C'est l'actualité dans ce qu'elle a de plus dramatique qui nous confronte à des renversements dialectiques que l'histoire et la philosophie hégélienne peuvent éclairer. On a vu que le premier souci de Hegel en se séparant de Schelling était d'éviter l'abstraction en essayant de coller aux phénomènes concrets et suivre leurs mouvements dialectiques dans leurs diversités, sans donc avoir besoin de définir cette dialectique à l'avance (ce qu'il fera à la fin de la Logique). Ce n'est pas d'abord une méthode formelle, préconçue. Malgré tout, son opposition à Schelling implique un rejet de l'immédiateté ainsi que d'une dialectique statique entre opposés, en équilibre (philosophie de l'identité). La définition la plus générale de la dialectique pour Hegel est donc sa nature dynamique, évolutive, productive, transformatrice. Comme chez Fichte, toute action provoque une réaction, toute intention (liberté) rencontre une résistance (monde extérieur), exigeant un effort et éprouvant ses limites, mais formant à chaque fois une nouvelle totalité où chaque position dans son unilatéralité se heurte à l'opposition de l'autre jusqu'à devoir intégrer cette altérité dans leur reconnaissance réciproque, issue du conflit. "C’est seulement cette égalité se reconstituant ou la réflexion en soi-même dans l’être-autre qui est le vrai – et non une unité originaire ou une unité immédiate comme telle". (Phénoménologie, t.I p17-18)
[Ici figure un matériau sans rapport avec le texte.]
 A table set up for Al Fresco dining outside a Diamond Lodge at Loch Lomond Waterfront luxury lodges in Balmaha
C'est juste avant la Phénoménologie qu'il introduira l'Aufhebung dont il fera le moteur de la dialectique. Ce terme, on le sait, est fondamental dans son ambivalence, négation qui conserve et progresse, marquant la spécificité de la dialectique hégélienne. C'est parce que la négation est toujours partielle qu'elle est productive et pas seulement destructrice. Comme il le précise à la fin de la Logique, le caractère partiel de la négation préfigure déjà la synthèse finale de la négation de la négation, moment absolument essentiel de réconciliation, bien que devant lui aussi être dépassé.
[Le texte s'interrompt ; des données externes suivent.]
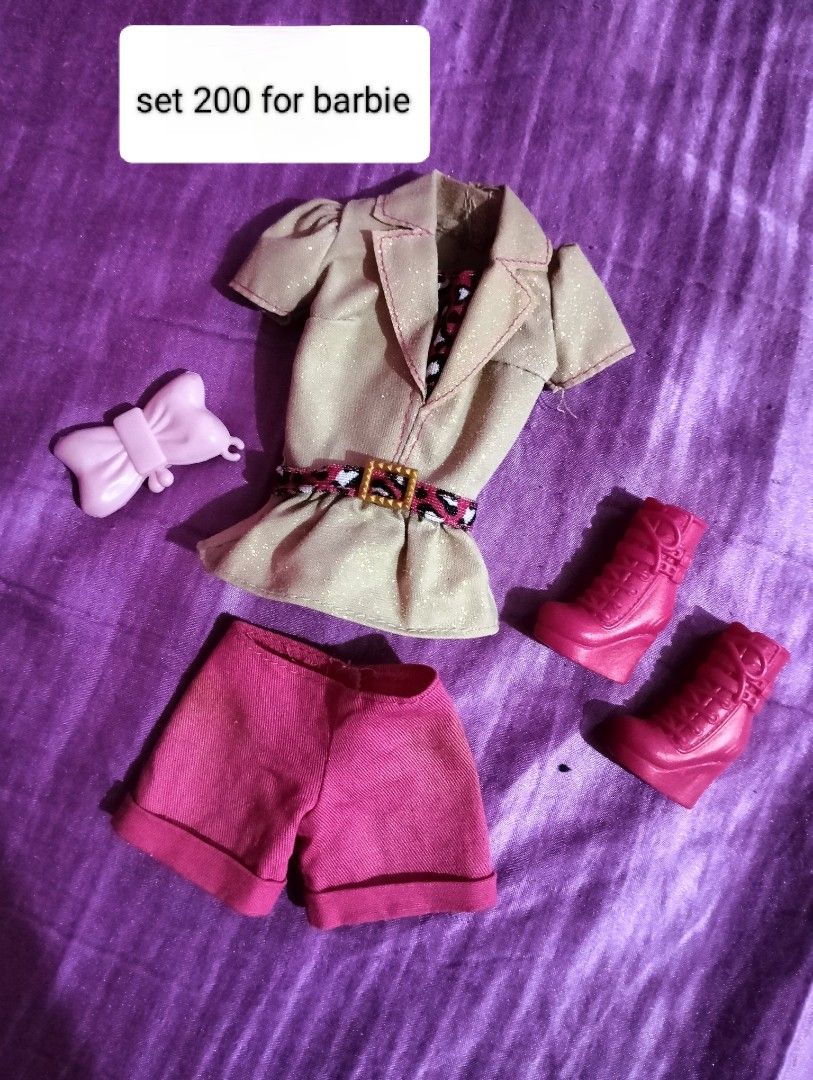 Barbie Doll Clothes Sets and Accessories (Category: Kids Toys) located in Cagayan de Oro. Submitted by jadedaaca296783 (Listing ID 1460789071, Image 3). Description: - Assorted Barbie doll clothes and accessory sets available. - Outfits include jackets, skirts, dresses, and shoes. - Comes with a small Barbie doll featuring pigtails. - Perfect for collectors and playtime. - Prices vary per set. - Message for specific item details..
Le préjugé fondamental à ce propos est que la dialectique aurait seulement un résultat négatif. Logique III p378
Tenir fermement le positif dans son négatif, le contenu de la présupposition dans le résultat, c'est là le plus important dans le connaître rationnel. p380
[Succédant au premier temps, à l'immédiat positif,] la seconde opération de la dialectique, la négative ou médiatisée, est en outre en même temps la médiatisante... Elle est un rapport ou une relation ; car elle est le négatif, mais du positif, et inclut dans soi ce même positif... Elle est donc l'autre d'un autre ; c'est pour cette raison qu'elle inclut son autre dans soi, et qu'elle est donc comme la contradiction, la dialectique posée d'elle-même. p381
C'est comme le médiatisant qu'apparaît le négatif, parce qu'il syllogise dans soi, lui-même et l'immédiat dont il est la négation. p383
S'ajoutera enfin, la dimension historique, si sensible avec l'expérience des bouleversements de ce temps là (Révolution, Terreur, Empire), l'Histoire universelle devenant le cadre unifiant toutes les dialectiques historiques (rejoignant "L'idée d'une histoire universelle d'un point de vue cosmopolitique" de Kant 1784). Cette historicité introduit dans la dialectique une nouvelle caractéristique temporelle décisive, celle d'une réflexivité après-coup de la conscience de soi, logique de l'apprentissage historique, ce que Hegel appelle le passage de l'en-soi au pour-soi. Cette réflexion en retour sur l'expérience n'est finalement rien d'autre que la philosophie, mais on est cette fois dans une définition de la dialectique restreinte au savoir et ne pouvant s'appliquer à toutes les autres dialectiques (comme ce qu'on peut appeler une dialectique métabolique collant au réel dans l'alternance entre catabolisme et anabolisme pour compenser les manques et les excès).